Specialists must effectively share their knowledge to be effective. They must focus on what their partners need: When, how, and in what form.
The focus on contribution supplies the four basic requirements of effective human relations:
1. Communication
2. Teamwork
3. Self development
4. Development of others.
Managers should as their people: "What are the contributions for which the organization and I should hold you accountable? What should we expect of you? And what is the best utilization of your knowledge and your ability?"
Most people don't really know what their strengths are. The only way to find out is though feedback analysis: Whenever you make a decision or take a key action, write down what you expect will happen. Review this vs. the outcome 9-12 months later. You will be surprised.
Study and understand how you perform:
1. How do you learn? Are you a listener or a reader?
2. Do you work well with people? In what role?
3. How do you perform under stress?
4. Do you work better in a large or small organization?
5. Are you a better advisor or decision maker?
A well-managed organization is a "dull" organization.
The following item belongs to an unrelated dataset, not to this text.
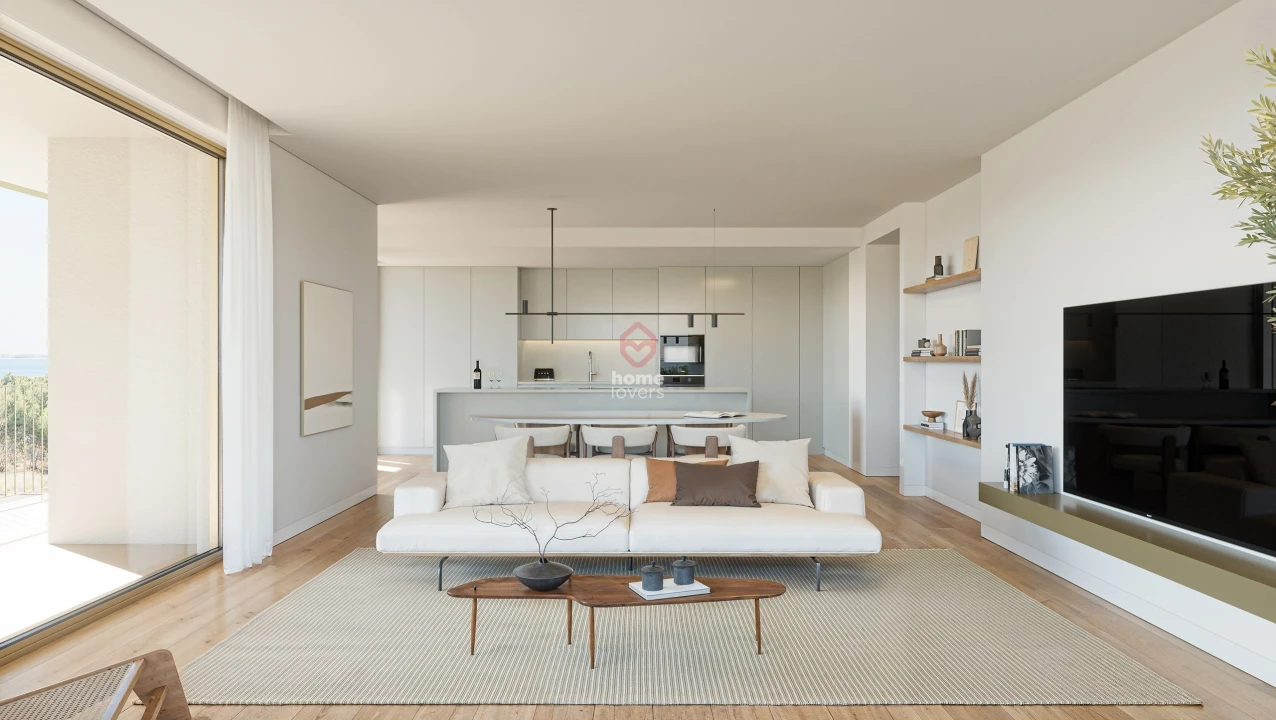 Apartamento T1 para Venda em Setubal (São Sebastião) Foto 1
Nothing "exciting" happens because the crises have been anticipated and have been converted into routine.
The elements of effective decision making are:
1. The realization that a decision is needed.
2. The definition of the specifications that the answer has to satisfy
3. The thinking through of what is "right", before considering necessary concessions
4. The building into the decision of the action to carry it out
5. The feedback test of the validity and effectiveness of the decision against the actual course of events.